Eric Woerth : On a un budget de la Défense qui est en augmentation, certes. Mais il y a un principe, depuis longtemps, qui veut qu'il existe une provision financière pour financer les opex [opérations extérieures, ndlr], et puis, au fur et à mesure du temps, les missions intérieures de l'armée. Cette provision n'est jamais suffisante pour couvrir le montant des opex qui a beaucoup augmenté sur les dernières années, pour atteindre 1,2 Mds €. Le gouvernement a beau dire qu'il fait un effort de "sincérisation", c'est-à-dire qu'il augmente cette réserve au fur et à mesure des années, l'écart reste très important entre la réalité et le coût. Écart qui est d'ailleurs plus important, du moins sur les premières années, qu'à l'époque de Nicolas Sarkozy par exemple. Il y a une règle : quand on est au-delà du montant provisionné dans l'année pour couvrir les opex, alors une solidarité interministérielle finance le surcoût, l'armée participant aussi à son niveau de cette solidarité, au même titre que l'ensemble des ministères.

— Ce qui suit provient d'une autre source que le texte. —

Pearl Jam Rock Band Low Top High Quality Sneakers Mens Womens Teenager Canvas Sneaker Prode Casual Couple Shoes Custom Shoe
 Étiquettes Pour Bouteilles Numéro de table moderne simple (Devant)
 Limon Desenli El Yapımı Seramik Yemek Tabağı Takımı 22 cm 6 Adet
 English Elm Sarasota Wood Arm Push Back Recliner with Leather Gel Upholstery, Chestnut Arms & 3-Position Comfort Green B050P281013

Hier, le gouvernement, dans son Projet de Loi de Finances Rectificative, a décidé de rompre avec ce principe. Cela en parfaite contradiction avec l'article 4 à la fois de la Loi de Programmation Militaire 2014-2019, et avec la nouvelle loi LPM 2019-2025 qui a été votée, et où il est clairement indiqué que s'applique la solidarité interministérielle. Le gouvernement a dérogé à ce principe, avec des explications d'ailleurs assez confuses. C'est un principe extrêmement dangereux inauguré par le gouvernement pas plus tard qu'hier. C'est pour cela que je dis aux Armées : attention, vous avez eu des augmentations de crédits mais vous allez devoir prendre de plus en plus en charge vos propres dépassements de budget dans le cadre des conflits auxquels nous avons affaire.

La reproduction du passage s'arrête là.